Page MenuHomePhabricator

Upgrade kafka-jumbo to kafka 3.7
Closed, ResolvedPublic

Description

  • Pin the inter broker protocol version on the brokers to hieradata/role/common/kafka/jumbo/broker.yaml:profile::kafka::broker::inter_broker_protocol_version: 1.1.0
  • Perform a rolling upgrade of the brokers, that will restart with the pinned version configurations and the new kafka version, using host-by-host patches and service restart of kafka broker, e.g. https://gerrit.wikimedia.org/r/c/operations/puppet/+/1273863
    • kafka-jumbo1010
    • kafka-jumbo1011
    • kafka-jumbo1012
    • kafka-jumbo1013
    • kafka-jumbo1014
    • kafka-jumbo1015
    • kafka-jumbo1017
    • kafka-jumbo1018
    • kafka-jumbo1016 (controller)
  • Change the inter broker protocol version to match the new kafka version

    Set hieradata/role/common/kafka/logging.yaml:profile::kafka::broker::inter_broker_protocol_version: 3.7
  • Perform a final rolling restart of the brokers

Related Objects

StatusSubtypeAssignedTask
OpenNone
Resolvedbrouberol

Event Timeline

brouberol triaged this task as Medium priority.

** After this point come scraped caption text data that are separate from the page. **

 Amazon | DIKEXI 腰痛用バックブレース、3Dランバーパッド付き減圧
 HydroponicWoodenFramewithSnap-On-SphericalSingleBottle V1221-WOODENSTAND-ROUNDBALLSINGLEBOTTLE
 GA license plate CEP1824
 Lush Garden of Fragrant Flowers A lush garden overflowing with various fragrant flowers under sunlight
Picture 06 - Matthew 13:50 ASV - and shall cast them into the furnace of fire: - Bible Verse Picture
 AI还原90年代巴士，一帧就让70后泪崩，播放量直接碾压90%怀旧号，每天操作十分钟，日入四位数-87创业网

Change #1277558 had a related patch set uploaded (by Brouberol; author: Brouberol):

[operations/puppet@production] kafka-jumbo: update kafka-jumbo1010 confluent distro to 77

https://gerrit.wikimedia.org/r/1277558

Change #1277555 had a related patch set uploaded (by Brouberol; author: Brouberol):

[operations/puppet@production] kafka-jumbo: update kafka-jumbo1010 confluent distro to 77

https://gerrit.wikimedia.org/r/1277555

Change #1277558 abandoned by Brouberol:

[operations/puppet@production] kafka-jumbo: update kafka-jumbo1010 confluent distro to 77

Reason:

Created by mistake

https://gerrit.wikimedia.org/r/1277558

Change #1277555 merged by Brouberol:

[operations/puppet@production] kafka-jumbo: update kafka-jumbo1010 confluent distro to 77

https://gerrit.wikimedia.org/r/1277555

kafka-jumbo1010 is now running kafka 3.7, without hurdles!

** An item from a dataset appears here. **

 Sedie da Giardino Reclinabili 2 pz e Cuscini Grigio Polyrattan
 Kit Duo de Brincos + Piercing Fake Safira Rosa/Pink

brouberol@kafka-jumbo1010:~$ dpkg -l | grep confluent-kafka | grep ii
ii  confluent-kafka                      7.7.7-1                            all          publish-subscribe messaging rethought as a distributed commit log

image.png (2,922×2,168 px, 404 KB)

Change #1278355 had a related patch set uploaded (by Brouberol; author: Brouberol):

[operations/puppet@production] kafka-jumbo: deploy kafka 3.7 to all brokers

https://gerrit.wikimedia.org/r/1278355

Change #1278355 merged by Brouberol:

[operations/puppet@production] kafka-jumbo: deploy kafka 3.7 to all brokers

https://gerrit.wikimedia.org/r/1278355

brouberol updated the task description. (Show Details)

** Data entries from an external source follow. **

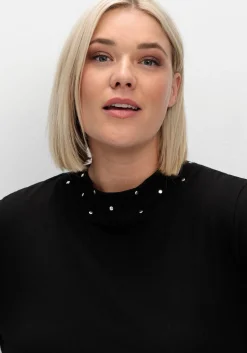 Langarmshirt mit Stehkragen und Glitzerdetails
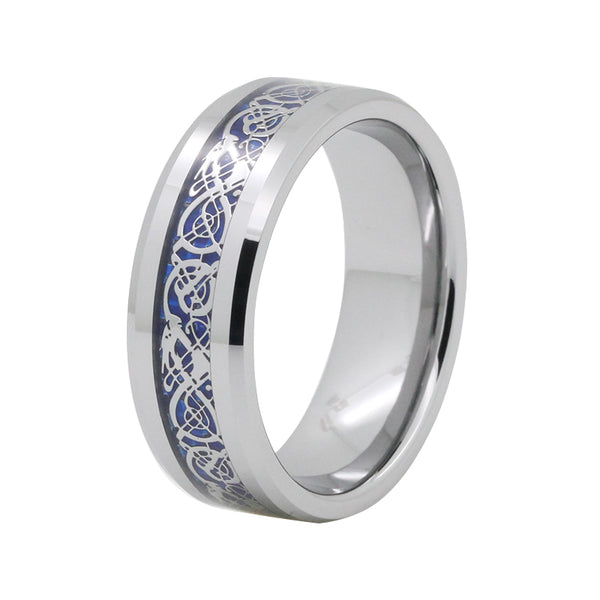 Silver-Plated Dragon Celtic Design in Blue Inlay Wedding Band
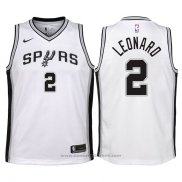 Maglia Bambino San Antonio Spurs Kawhi Leonard #2 2017-18 Bianco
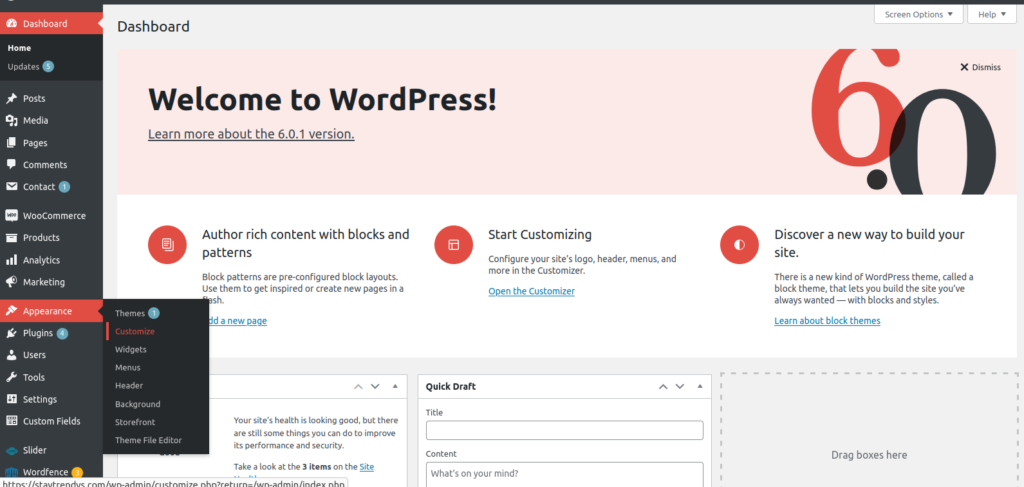 wordpress dashboard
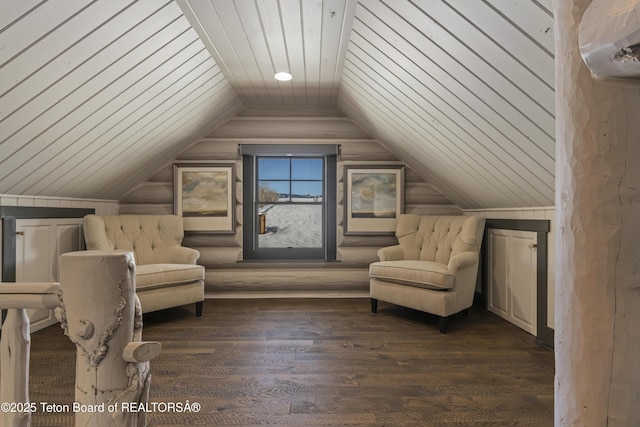 unfurnished room with lofted ceiling, dark wood-style flooring, and wooden ceiling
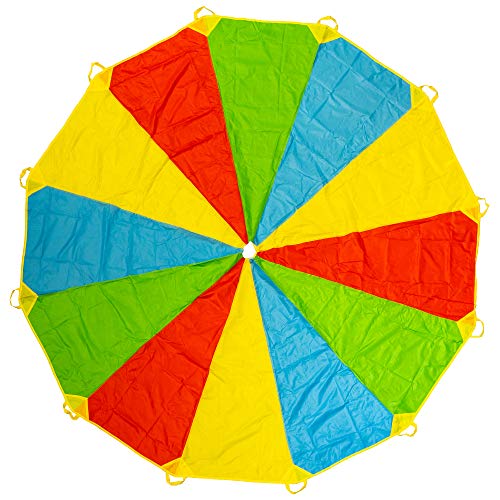 Paracadute ludico color arcobaleno da 365 cm - Con 12 manici | Ore di divertimento assicurate per bambini e neonati | Attività da interno ideale per bambini per ore di gioco e divertimento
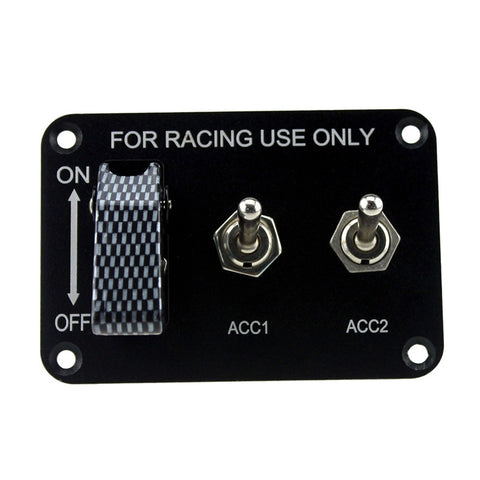 Image of 12V Car 3 Groups Switch Panel 3 Toggle Ignition Switches for Cars Race Cars (Black)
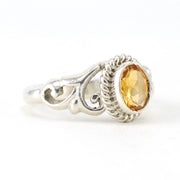 Alt View Silver Citrine 5x7mm Oval Ring
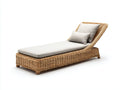 Tumbonas de jardín de ratán 195x70x76 cm - natural y beige para exterior - respaldo inclinado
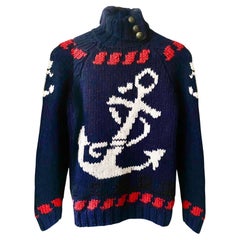 1990s Dolce & Gabbana Blue Nautica Roller Neck Wool Sweater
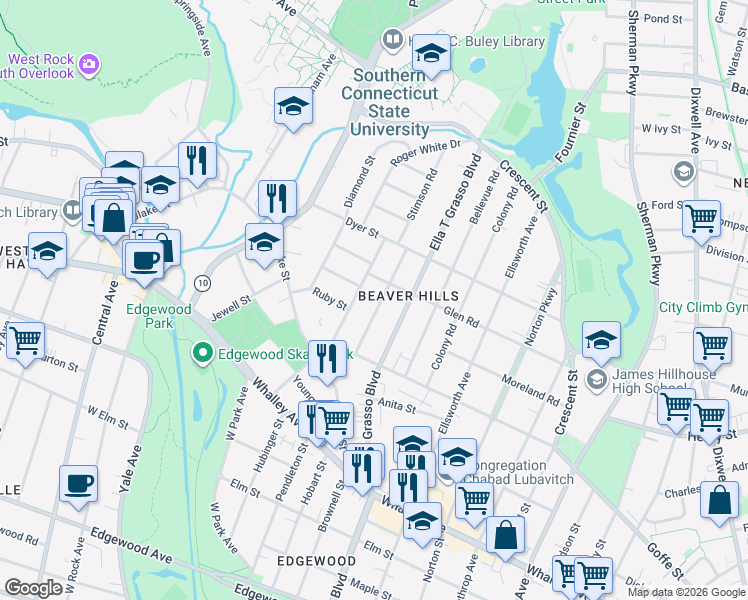 map of restaurants, bars, coffee shops, grocery stores, and more near 141 Osborn Avenue in New Haven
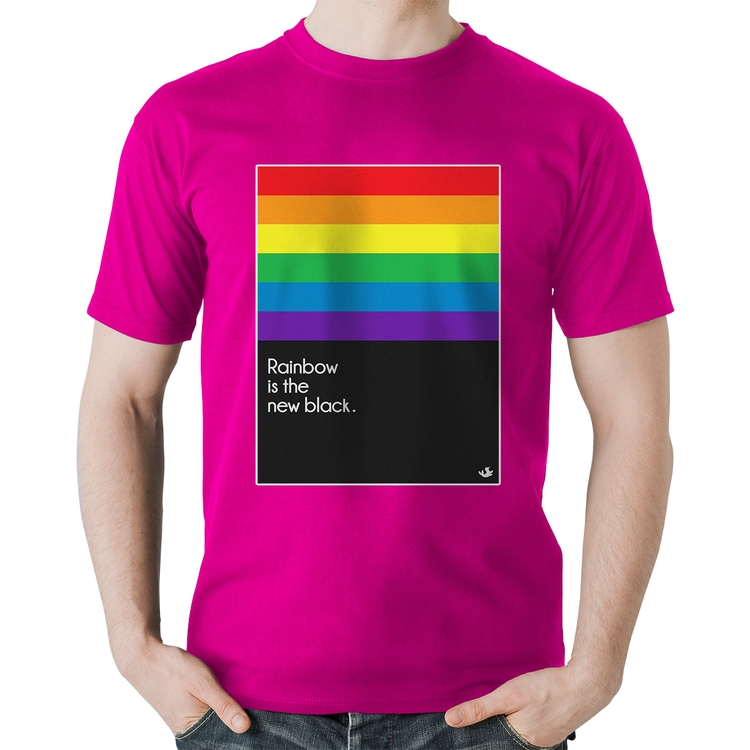 Camiseta Algodão Rainbow is the new black - Rosa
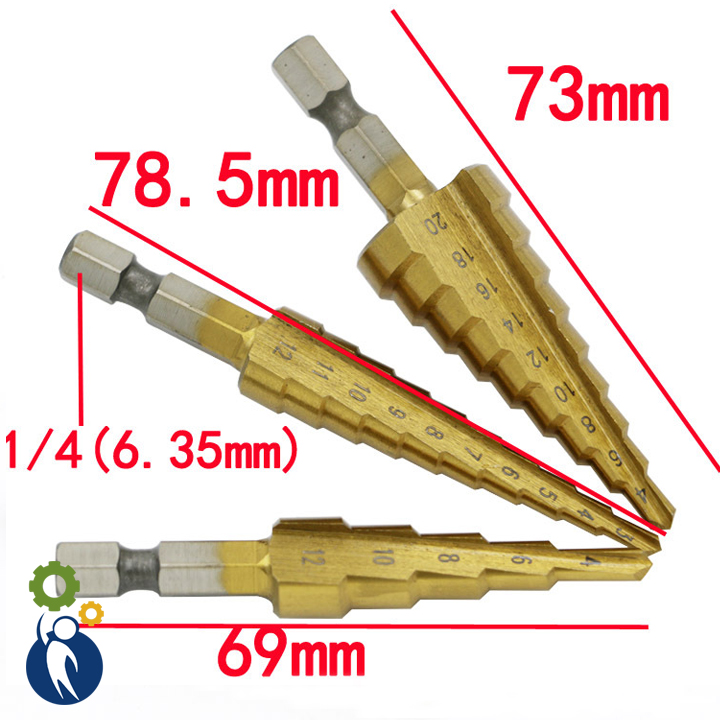Mũi khoan tháp chuôi lục giác 10 bước 3-12mm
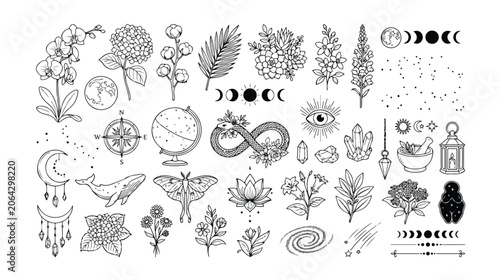 Schilderij op canvas Mystical celestial vector icon set, hand-drawn esoteric symbols, spiritual astrology elements, magical nature illustrations, witchcraft design collection for bohemian branding and decor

Leaving the cluster in a semi-upgraded state caused an incident: https://docs.google.com/document/d/17BuSP9-tlfHN0MRTifP5EFLk1_gS5NaHKi0eo4Jw7JM/edit?tab=t.0#heading=h.jev75r1ysugd

We had to speed up the upgrade process, so all brokers are running 3.7 now!

Change #1280078 had a related patch set uploaded (by Brouberol; author: Brouberol):

[operations/puppet@production] kafka-jumbo: set inter.broker.protocol to 3.7.0

https://gerrit.wikimedia.org/r/1280078

Change #1280078 merged by Brouberol:

[operations/puppet@production] kafka-jumbo: set inter.broker.protocol to 3.7

https://gerrit.wikimedia.org/r/1280078

We've had to resort to rolling restart the cluster manually, due to a permission error preventing the cookbook from triggering an election (probably due to the jumbo ACLs).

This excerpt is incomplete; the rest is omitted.